The lines below, from the one holding "Stand in The" through the final line, are to be copied exactly, with no other lines and no pictures.

Dataset entries:
──────────

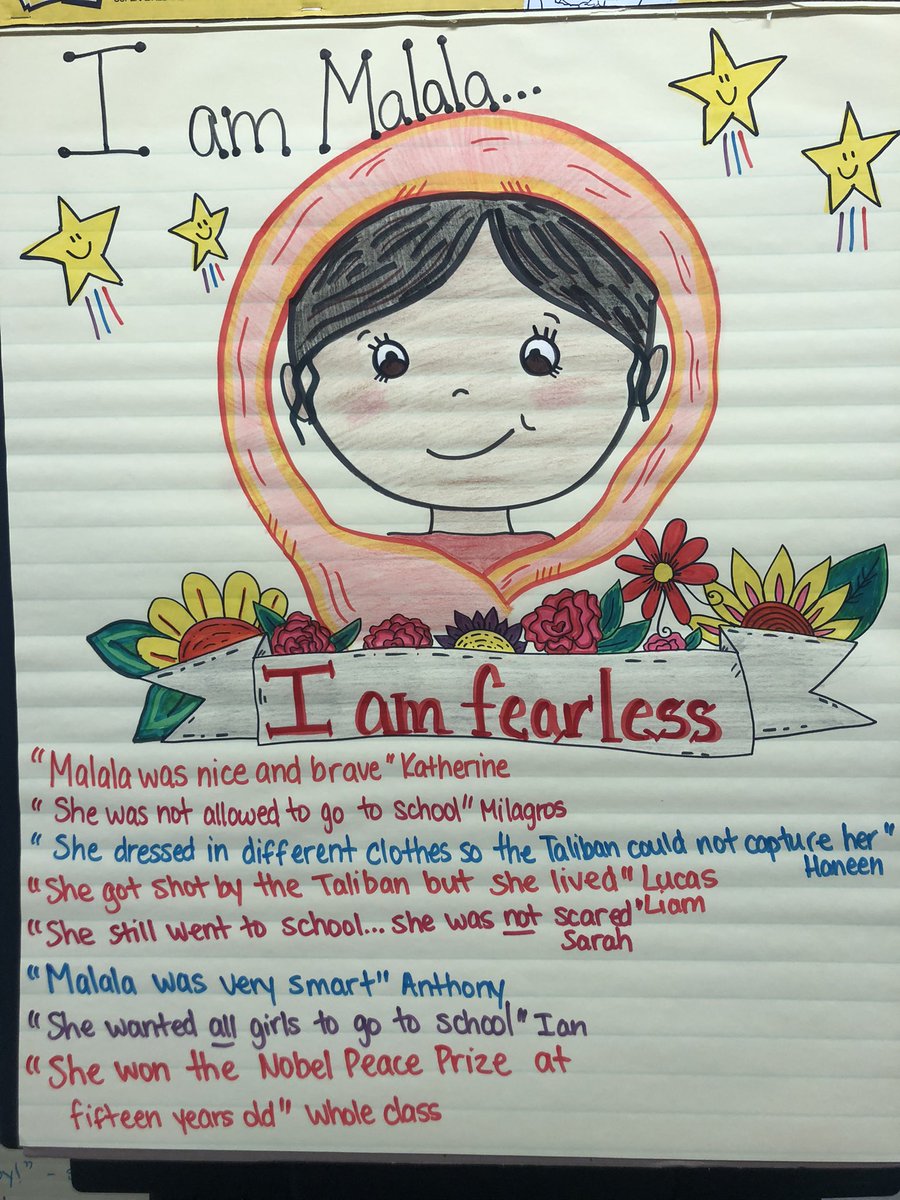 1stgradePS60Q's tweet photo. We are FEARLESS… just like Malala Yousafzai! 🤍💪🏼🤩#WomensHistoryMonth #HERstory #FearlessFirstGraders 🥰@NYCSchools @PS60queens @literacy_fox @MrsHarrisonPS60 @District27NYC https://t.co/oHR4gnjoNk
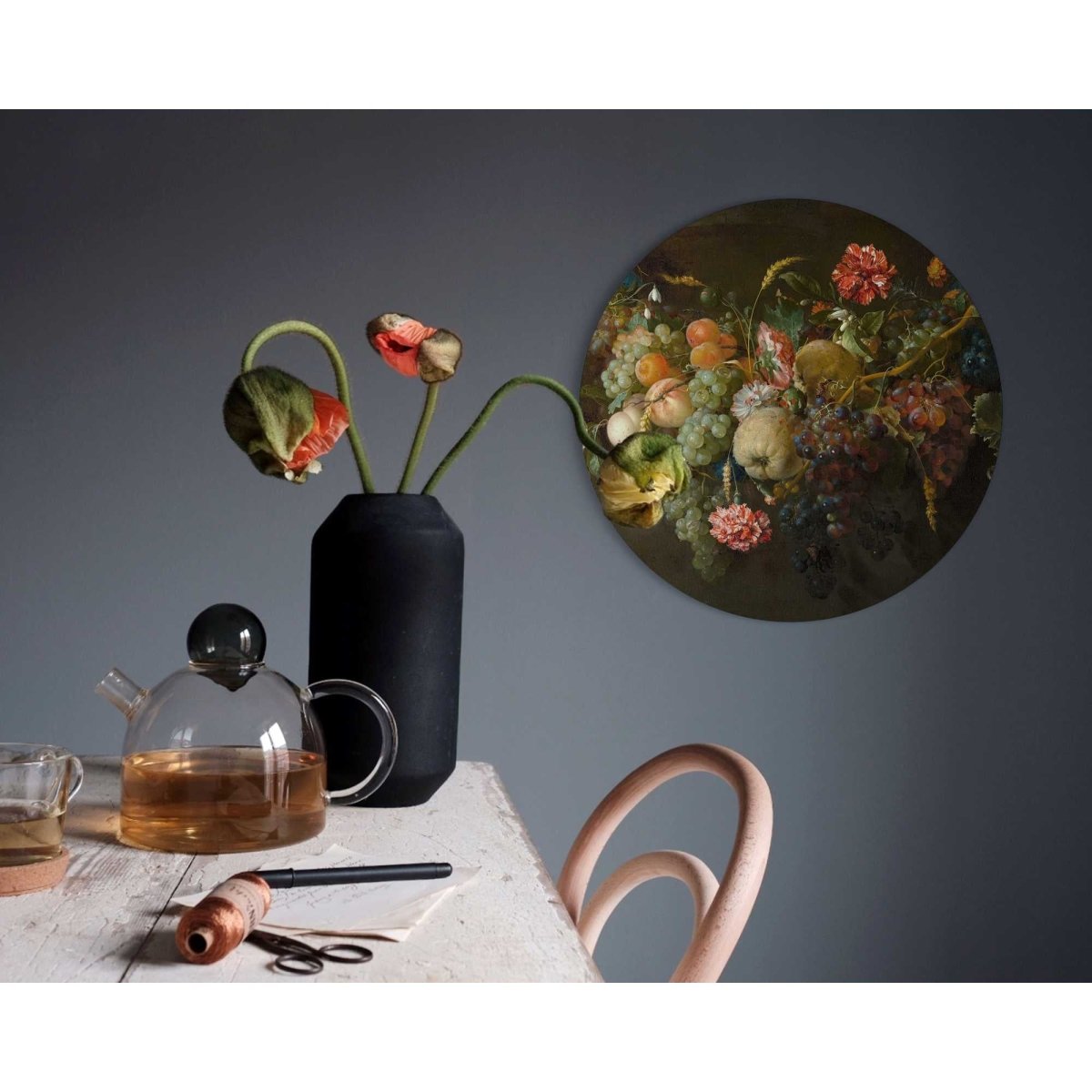 Glasschilderij De Heem Guirlande van vruchten 50 Rond - Reinders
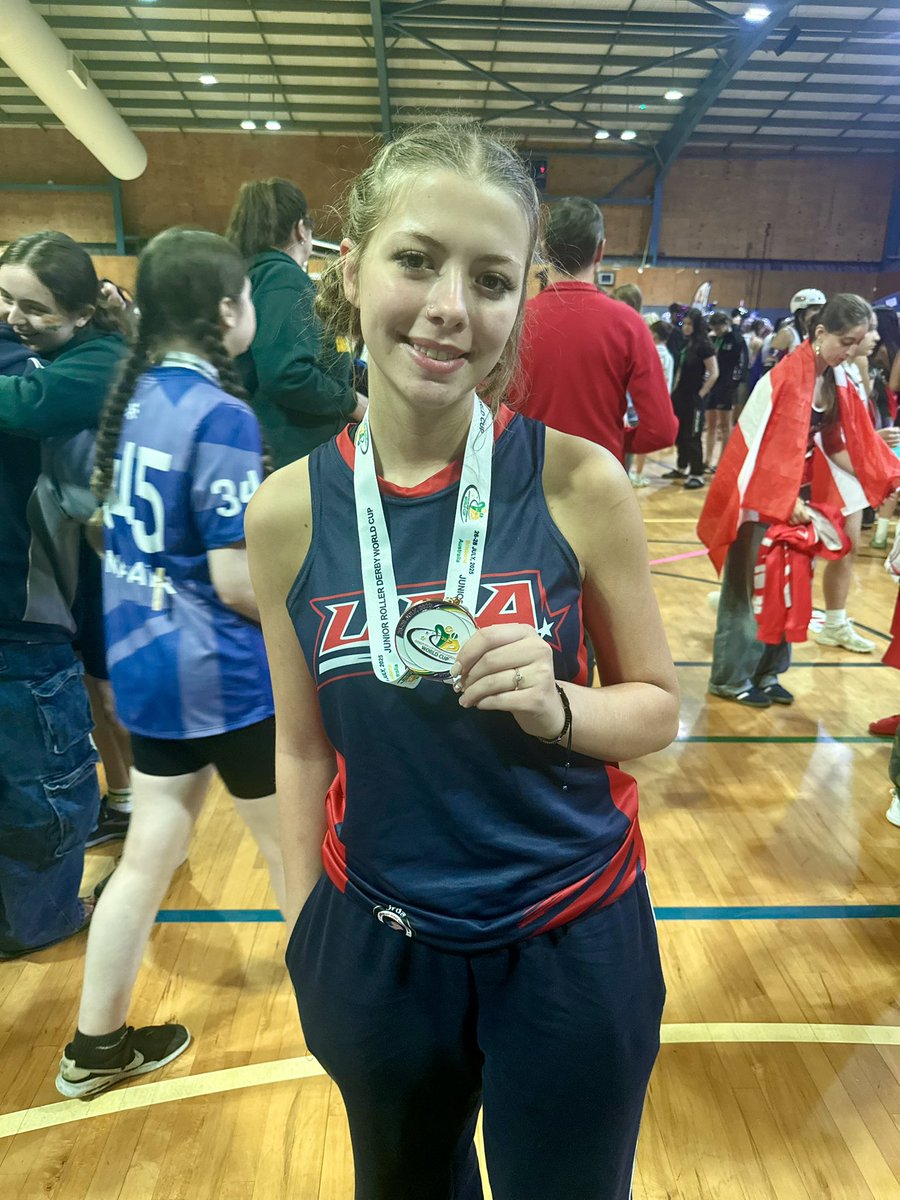 Proud Mom Post! My daughter Layla (aka derby name: Baby Stretch) and the USA Junior Roller Derby Open division team won the Junior Roller Derby Association World Cup- going undefeated the entire weekend! She is bringing the gold medal home from Australia to Maryland 🥇Go team 🇺🇸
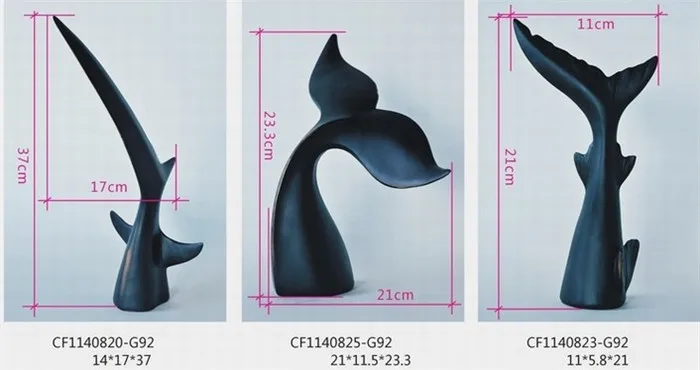Королевство моря смола черный хвост акулы кит дельфин украшения творческий образец украшения комнаты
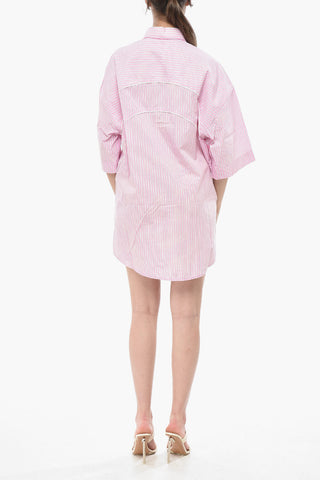 Hemdkleid aus Popeline mit Hairline-Muster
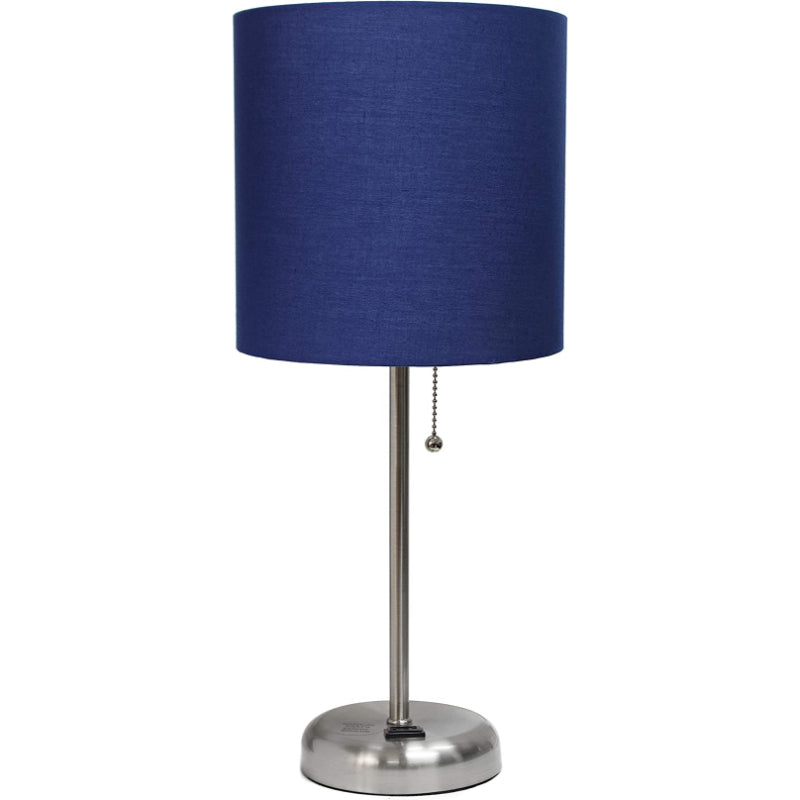 Stick Ladeudtag Bordlampe | Moderne Stoflampeskærm | Opladningsfunktion | Højde 49,5 cm | Diameter 21,6 cm | Brushed Stål/Navy | Ideel til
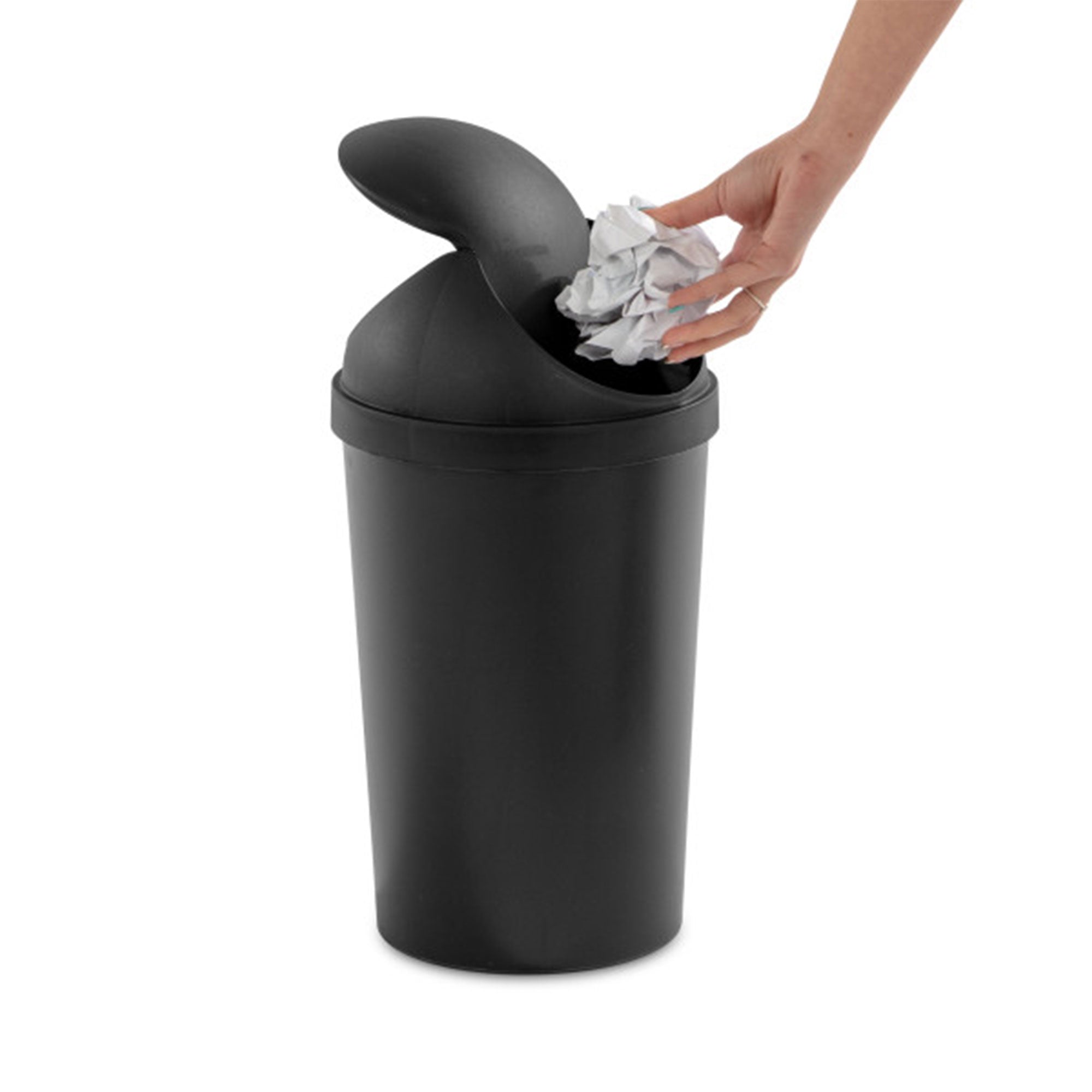 Sterilite 10839006 3 Gallon Round Swing Top Plastic Wastebasket, Black (12 Pack) - VMInnovations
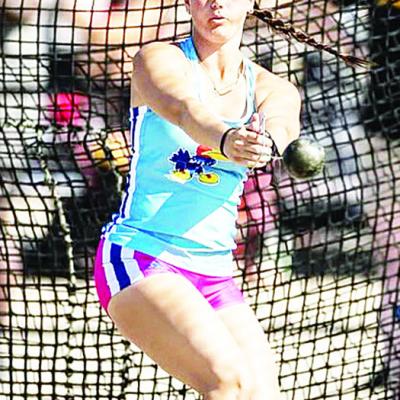 Former Clinton thrower Kat Meacham performs in the hammer throw event during a meet for KU this year. CDN | Courtesy Photo Former Clinton thrower Kat Meacham performs in the hammer throw event during a meet for KU this year. CDN | Courtesy Photo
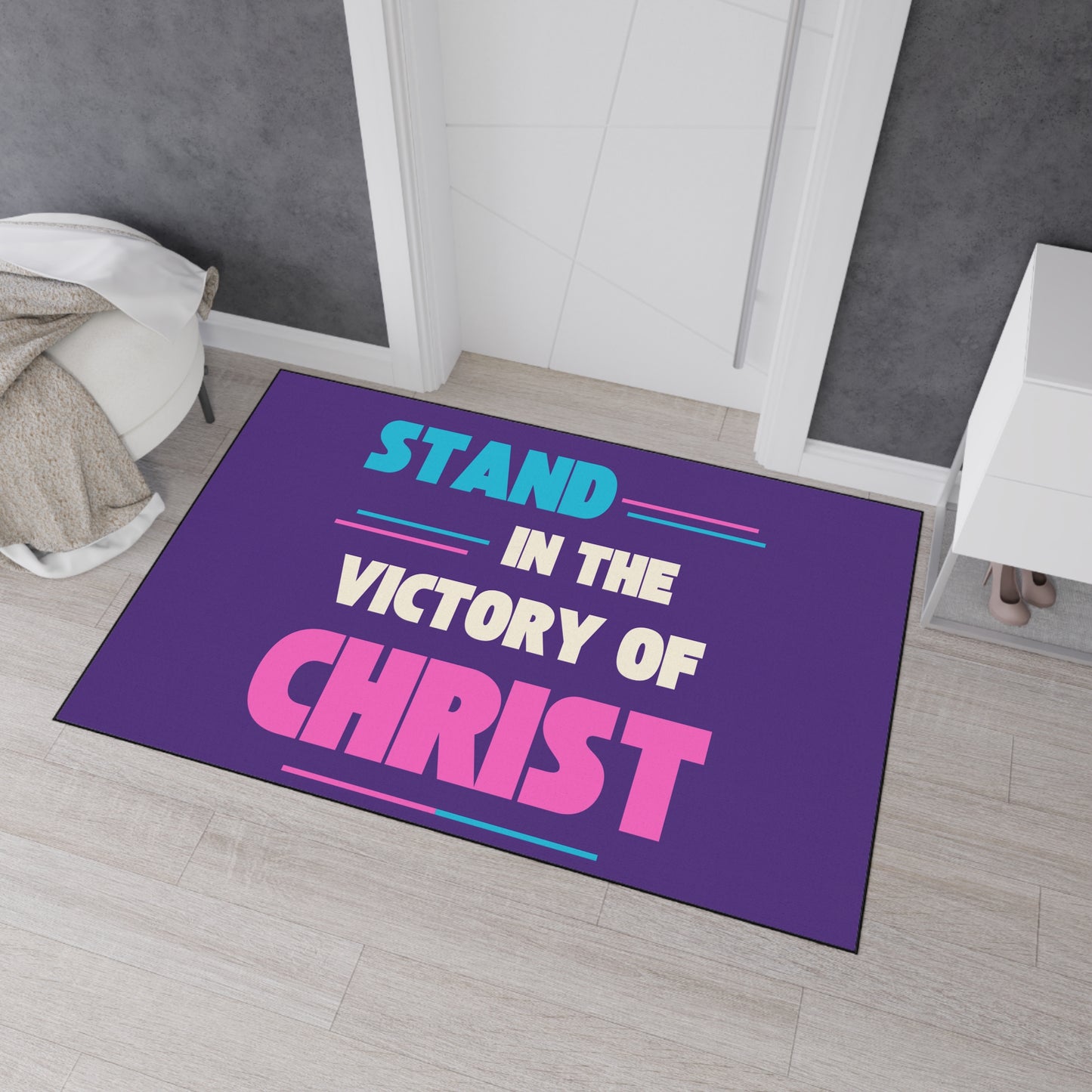 Stand in The Victory of Christ Floor Mat, Christian Home Decor, Heavy Duty Door Mat, Inspirational Rug, Faith-Based Gift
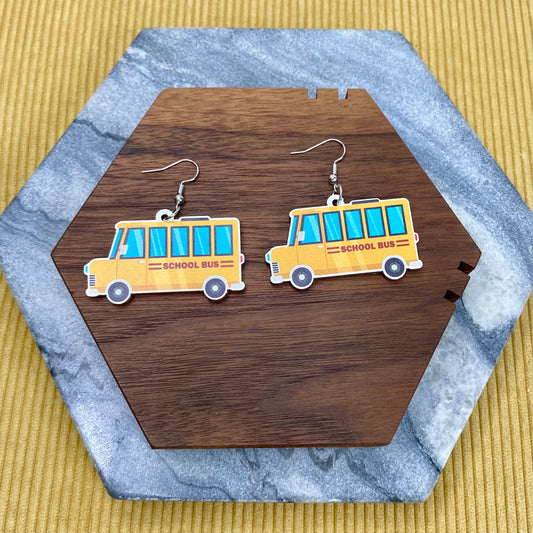 Wooden Dangle Earrings - Teacher - Bus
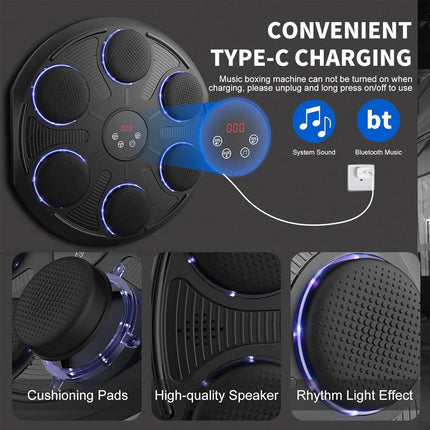 Upgraded Music Boxing Punching Machine Home Smart Training 12 Modes Count Gloves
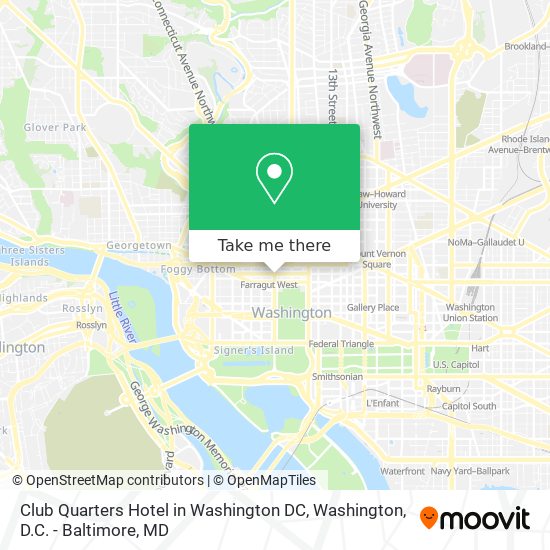 Mapa de Club Quarters Hotel in Washington DC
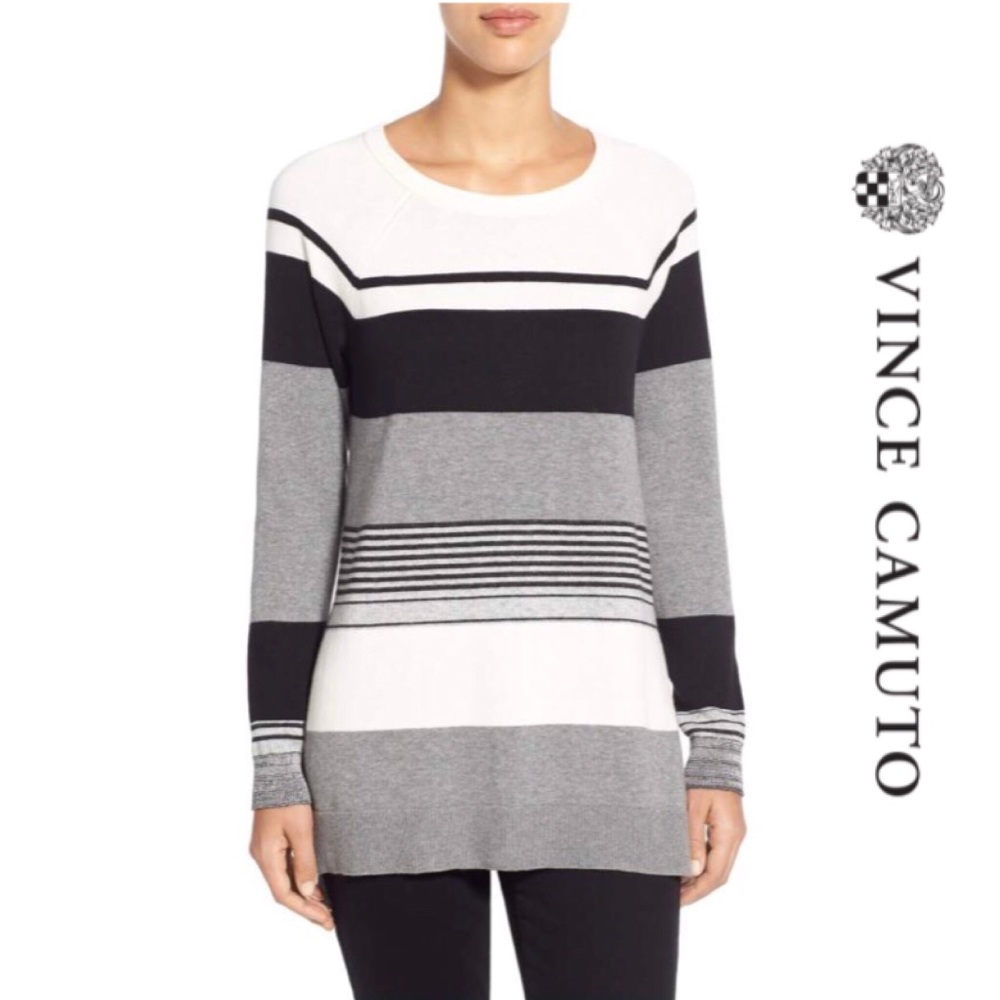NWOT {VINCE CAMUTO} Tunic Sweater in Black, White & Grey Stripe • Size XS - Picture 8 of 9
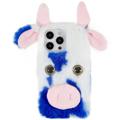 Fluffy Plush iPhone 14 Pro Hybrid Case - Blau Kuh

──────────

__Answer to the exercise__:
 Stand in The Victory of Christ Floor Mat, Christian Home Decor, Heavy Duty Door Mat, Inspirational Rug, Faith-Based Gift
 Wooden Dangle Earrings - Teacher - Bus
 Upgraded Music Boxing Punching Machine Home Smart Training 12 Modes Count Gloves
 Mapa de Club Quarters Hotel in Washington DC
NWOT {VINCE CAMUTO} Tunic Sweater in Black, White & Grey Stripe • Size XS - Picture 8 of 9
 Fluffy Plush iPhone 14 Pro Hybrid Case - Blau Kuh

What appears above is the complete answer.